Afin de bien comprendre toute la problématique, le lieutenant-colonel Hugues Loyez, commandant de la gendarmerie, a posé le contexte : 37 accidents corporels ont été recensés sur la partie française de l’île en 2024, faisant 42 blessés et deux morts. En 2025, le bilan est déjà tout aussi lourd, avec deux décès et 37 blessés à déplorer. Les causes de ces accidents sont multiples : l’alcool est en cause dans un accident sur quatre, suivi par la consommation de stupéfiants (16 %), les dépassements dangereux (15 %), l’inattention (10 %) et la vitesse (10 %).
Les contrôles de la gendarmerie se sont particulièrement intensifiés depuis le début de l’année pour enrayer la spirale. Car si ces chiffres peuvent sembler faibles, rapportés à la population, ils sont alarmants : on a trois fois plus de risques de mourir sur les routes de Saint-Martin que sur celles de l’Hexagone.

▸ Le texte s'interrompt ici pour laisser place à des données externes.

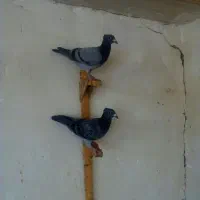 فروش کبوتر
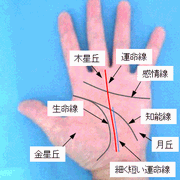 運命線の見方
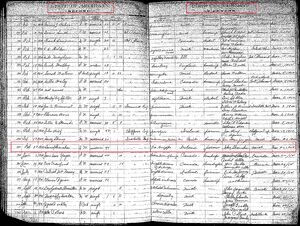 Daniel Shanahan isabella County Michigan Death Record 23 Feb 1902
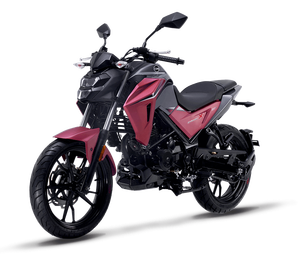 กรองอากาศสำหรับ SYM symnh T 125 / 200 / 300 & symnh x 125/200, dafra nH 190 (17211-NHA-000) - Product Image 5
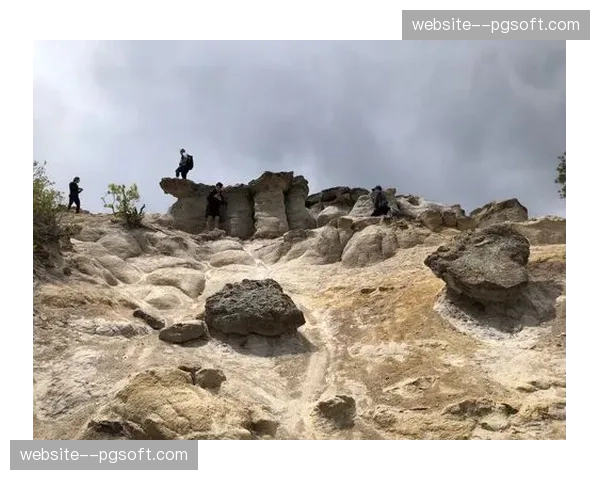 最后热身：美国奥运摔跤队选择在科罗拉多泉基地进行为期三周的封闭训练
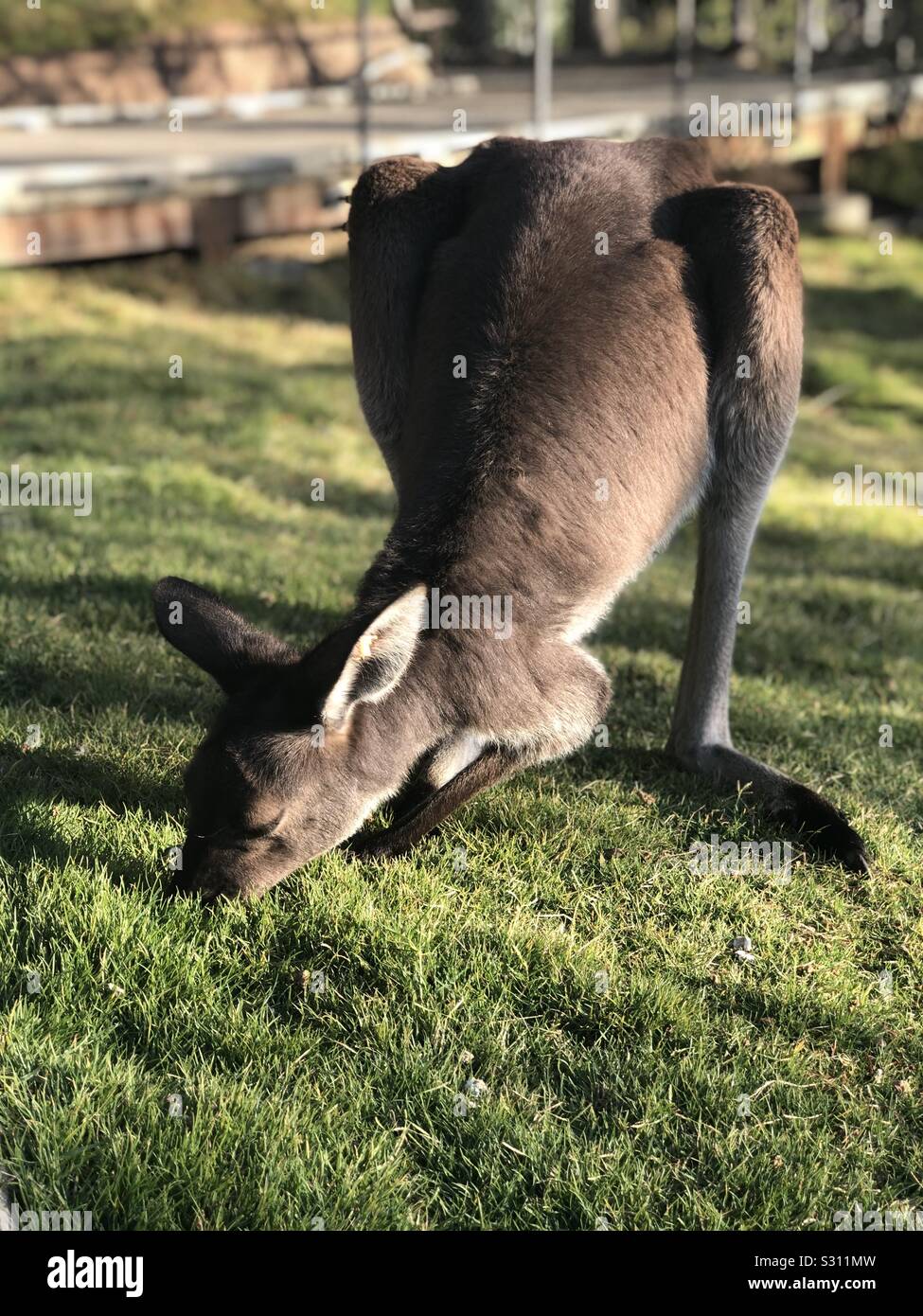 Giovani Kangaroo Foto Stock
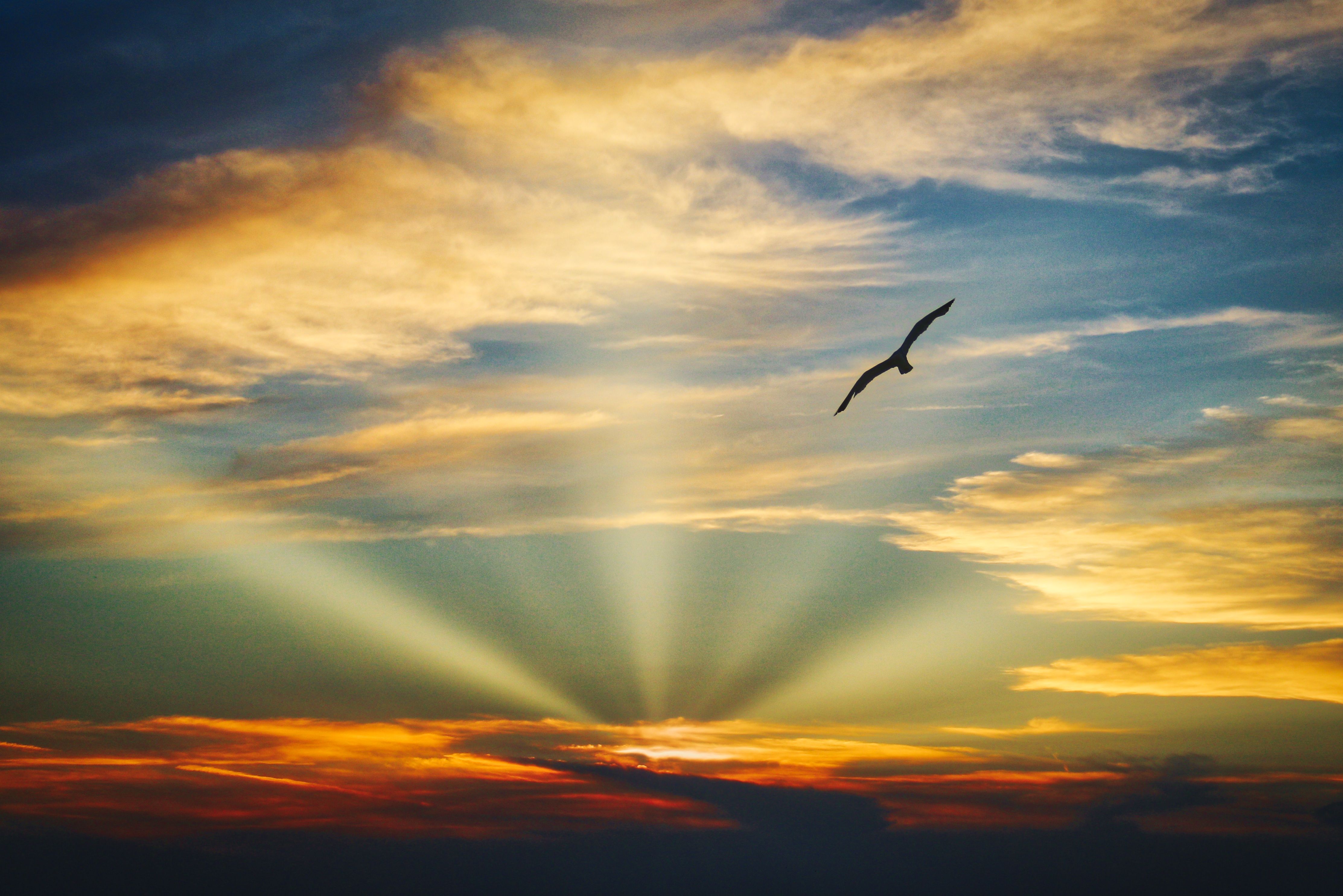 Bird Flying Sunset Evening View Clouds Beautiful Sky 5k, HD Nature, 4k Wallpaper, Image, Background, Photo and Picture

Un message à mieux adapter

L’auditoire, composé dans sa majorité de collégiens et lycéens, a été accueilli par une mise en scène proposée par David et Laurence, de la troupe Les Têtes de l’Art. Cette saynète, illustrant des comportements fréquents chez les conducteurs de deux-roues, a permis d’entrer immédiatement dans le vif du sujet. 
Les jeunes ont ensuite découvert des notions comme les unités d’alcool, l’usage de l’éthylotest ou encore le temps de détection du cannabis dans l’organisme. Autant de points qui ont suscité leur intérêt et leurs questions. 

En revanche, les explications sur les risques encourus et les sanctions pénales - trop rapides, trop techniques - se sont révélées ardues et ont quelque peu perdu l’attention du public. D’autant que le discours était plus axé sur la répression que sur la prévention:  « mon rôle est de punir » a indiqué le parquet, rappelant certes l’importance de la loi, mais sans forcément aborder les leviers éducatifs permettant d’éviter d’en arriver là. 
La route n’est en effet pas un terrain de jeu, et la présence de gendarmes, de juges, de procureurs tout comme d’un addictologue ou de l’association de sécurité routière constitue une bonne opportunité pour faire passer les messages ; reste juste à les adapter au public pour qu’ils soient suivis d’effets.
La réalité, malheureusement, continue de donner raison à ces échanges. Dimanche matin, à la frontière de Bellevue, les gendarmes ont à nouveau empêché un rodéo sauvage, garantissant ainsi le libre accès de la route aux personnes qui, elles, respectent la loi. De nombreux véhicules ont été contrôlés et des infractions relevées.
Si la salle historique du tribunal affichait complet, on peut regretter qu’elle soit trop exiguë pour accueillir un public plus large, car la route en matière de respect de sécurité routière est encore longue.